In February, Yury Fedotov, executive director of UNODC, championed what he described as the anti-drug efforts Iran has made over the decades. He added that UNODC and Iran were partnering in the fight against drugs in the region.

"The UNODC and Iran will finalize a five-year anti-drug plan in the next two months," Fedotov said, according to Fars News Agency.

Fedotov also said that UNODC would try to supply Iran with various equipment needed to fight against narcotraffickers -- equipment that the country hasn’t been able to secure for itself due to Western sanctions.

David Dadge, a spokesman for Fedotov, declined to confirm the details of the U.N.’s 2015 anti-drug program with Iran. He did, however, refer The WorldPost to the organization's public documents about the multifaceted anti-narcotic program that the U.N. pursued in Iran between 2011 and 2014.

Dadge declined to confirm the dollar figure of the more recent Iran plan or say whether it's been finalized. The U.N.’s current anti-trafficking program in Iran is due to end in early June, and most human rights groups and other observers expect the new program to be in place by then. Between 2011 and 2014, the U.N. spent roughly $5.5 million to secure Iran's borders and fight drug trafficking in the country. That money came from multiple European partner nations. Dadge declined to name the European nations funding the 2015 program.

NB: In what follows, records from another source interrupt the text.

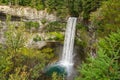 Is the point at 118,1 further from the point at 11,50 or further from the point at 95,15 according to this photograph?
the point at 11,50

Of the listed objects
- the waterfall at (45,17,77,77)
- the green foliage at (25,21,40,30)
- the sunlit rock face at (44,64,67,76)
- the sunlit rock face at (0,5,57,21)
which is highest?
the sunlit rock face at (0,5,57,21)

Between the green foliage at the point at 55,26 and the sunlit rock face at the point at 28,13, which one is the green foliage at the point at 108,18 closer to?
the green foliage at the point at 55,26

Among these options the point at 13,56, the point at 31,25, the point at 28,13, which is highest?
the point at 28,13

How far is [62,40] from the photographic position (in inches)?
1410

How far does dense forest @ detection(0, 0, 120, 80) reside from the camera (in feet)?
57.0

“If [international donors] are to avoid direct complicity in grave human rights abuses, donors should make their support to UNODC programs strictly conditional on recipient states abolishing the death penalty for drug offenses," Dolan said.

Earlier this month, two U.N. human rights experts sharply condemned Iran's rising execution tally. They called on the Iranian government to cease executions immediately and fall in line with the U.N.’s 2007 urging that member nations suspend the death penalty.

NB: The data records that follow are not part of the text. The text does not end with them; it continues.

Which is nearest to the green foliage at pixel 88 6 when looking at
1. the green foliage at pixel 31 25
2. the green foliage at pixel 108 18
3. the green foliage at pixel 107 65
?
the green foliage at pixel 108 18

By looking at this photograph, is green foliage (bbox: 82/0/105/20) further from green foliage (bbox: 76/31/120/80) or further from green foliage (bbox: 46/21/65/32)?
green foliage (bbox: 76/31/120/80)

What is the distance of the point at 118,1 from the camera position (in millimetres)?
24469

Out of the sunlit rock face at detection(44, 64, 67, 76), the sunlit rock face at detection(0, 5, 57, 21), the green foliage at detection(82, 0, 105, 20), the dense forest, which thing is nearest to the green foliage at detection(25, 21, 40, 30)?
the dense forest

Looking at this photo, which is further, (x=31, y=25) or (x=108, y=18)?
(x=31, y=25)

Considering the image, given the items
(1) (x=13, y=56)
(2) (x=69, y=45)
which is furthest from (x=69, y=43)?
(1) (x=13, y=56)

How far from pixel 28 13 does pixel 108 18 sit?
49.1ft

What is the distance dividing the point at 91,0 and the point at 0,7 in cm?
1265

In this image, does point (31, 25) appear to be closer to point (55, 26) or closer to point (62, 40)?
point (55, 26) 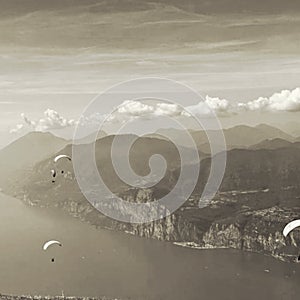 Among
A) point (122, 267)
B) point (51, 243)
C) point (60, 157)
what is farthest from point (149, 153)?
point (51, 243)

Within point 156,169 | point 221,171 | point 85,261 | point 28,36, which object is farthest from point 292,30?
point 85,261

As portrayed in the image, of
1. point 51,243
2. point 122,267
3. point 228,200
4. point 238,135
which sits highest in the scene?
point 238,135

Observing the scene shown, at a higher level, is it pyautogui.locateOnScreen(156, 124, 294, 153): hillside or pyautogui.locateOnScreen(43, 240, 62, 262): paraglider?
pyautogui.locateOnScreen(156, 124, 294, 153): hillside

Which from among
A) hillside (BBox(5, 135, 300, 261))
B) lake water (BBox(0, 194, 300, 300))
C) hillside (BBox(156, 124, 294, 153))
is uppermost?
hillside (BBox(156, 124, 294, 153))

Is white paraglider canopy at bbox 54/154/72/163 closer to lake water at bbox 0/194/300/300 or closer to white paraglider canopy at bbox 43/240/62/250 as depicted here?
lake water at bbox 0/194/300/300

“When the Iranian government refuses to even acknowledge the full extent of executions which have occurred, it shows a callous disregard for both human dignity and international human rights law,” said Ahmed Shaheed, a U.N. special rapporteur on human rights in Iran, in a statement.

Iran has flatly rejected the allegations of an increase in executions, with Marzieh Afkham, the spokeswoman for Iran’s foreign ministry, calling the U.N. criticism a "downright lie" and claiming that Iran only uses capital punishment for the “most serious crimes, including narcotics trafficking."